El subdirector del Instituto de Estudios de la Sociedad (IES) reflexionó sobre el borrador de la nueva Constitución. "Si de lo que se trata todo esto es de recomponer nuestras fracturas sociales, o al menos de poner las bases para hacerlo, lo cierto es que faltaron varios ladrillos para construir esa casa común", sostiene.
Ahora que ya tenemos un primer borrador de Constitución, cae la pregunta de si es un instrumento útil para superar la crisis en que estamos inmersos. Una de las formas de hacerlo es examinando su calidad jurídica: ¿crea un poder político eficaz? ¿Está a la altura de los desafíos institucionales del país? ¿Sirve para resolver los problemas expuestos en octubre de 2019 como una herida sangrante? Este es el tipo de interrogantes que seguramente abordarán los especialistas durante estos días.

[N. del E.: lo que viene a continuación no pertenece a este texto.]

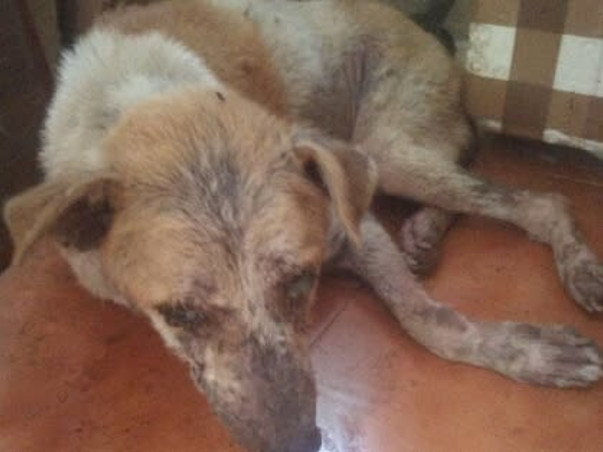 Shelter home needed for our street voiceless Animals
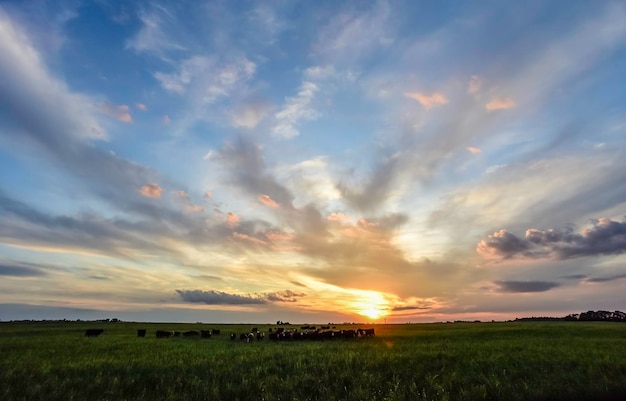 Vaches au coucher du soleil à La Pampa Argentine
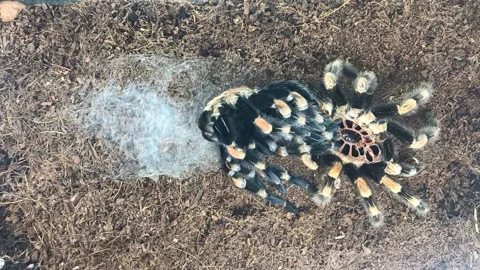 Tarantula's Time-lapsed Transformation, Glendale, California, USA - 12 Apr 2019 Stock Footage 205221792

Otra forma de evaluar el proceso es preguntarse si acaso cumplió con las promesas que justificaron el itinerario constitucional. Entre ellas, una de las que más resonaron era la posibilidad de “construir una casa de todos y todas”.

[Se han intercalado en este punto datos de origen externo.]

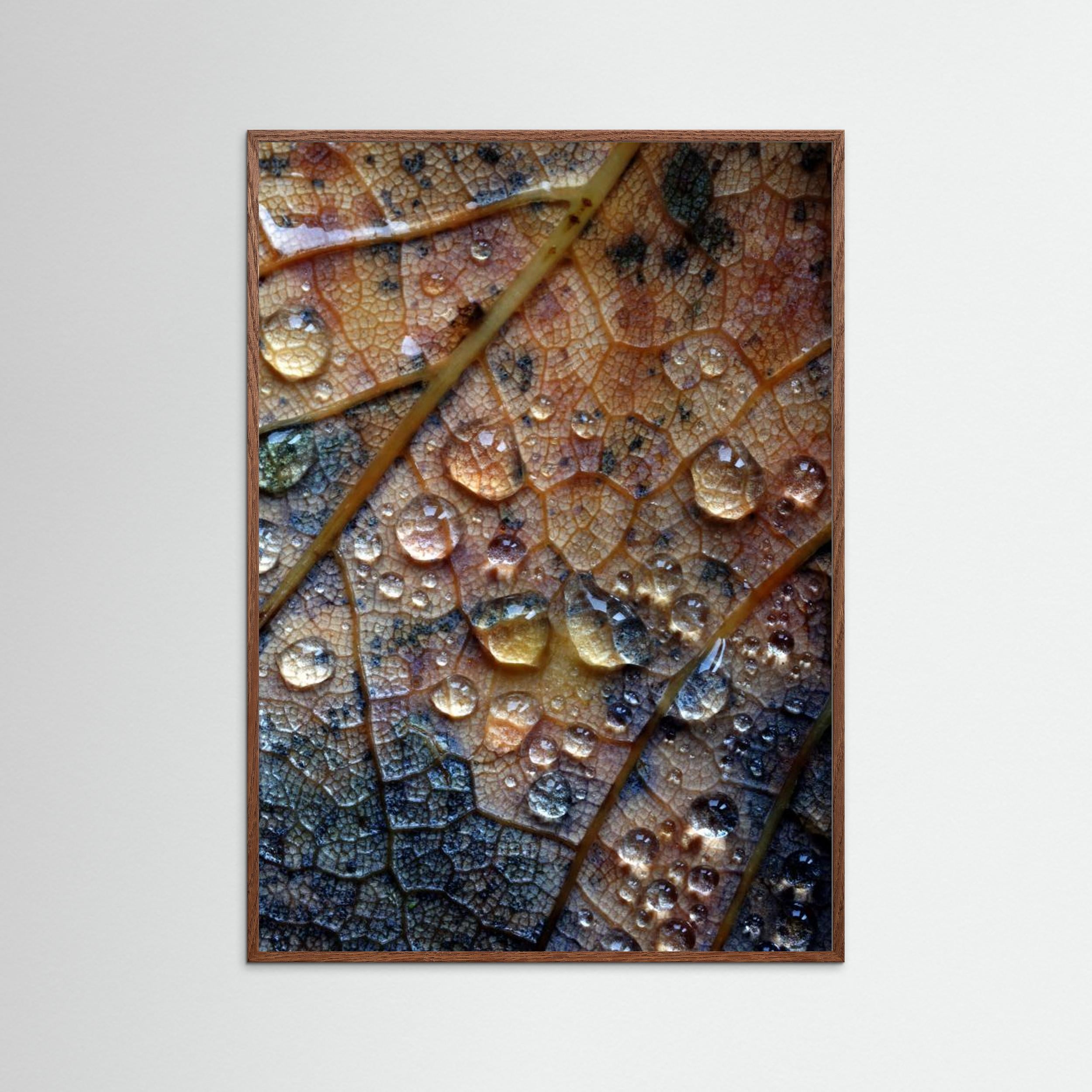 Nature's Tears by David Mc Cracken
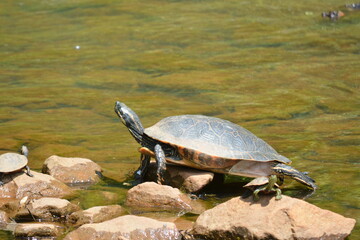 Obraz premium Turtle sunning on the water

Hace algunos días, sin embargo, el académico Domingo Lovera realizó una interesante crítica a cómo se utilizó el concepto. Desde su punto de vista, era engañoso pedirle al proceso una casa de todos, pues no se podían reflejar todas las opiniones en el texto final. Más bien, solo se podía hablar de “casa de todos” en un sentido procedimental. Es decir, la evaluación debe hacerse sobre la base de las posibilidades de participación haya habido en el proceso. La Constitución sería democrática si “nuestros diferentes sentidos de justicia han sido respetados procedimentalmente, aunque estos no se hayan abrazado finalmente por la mayoría”. Esto no agotaría el análisis, pero sí pareciera ser su dimensión más importante.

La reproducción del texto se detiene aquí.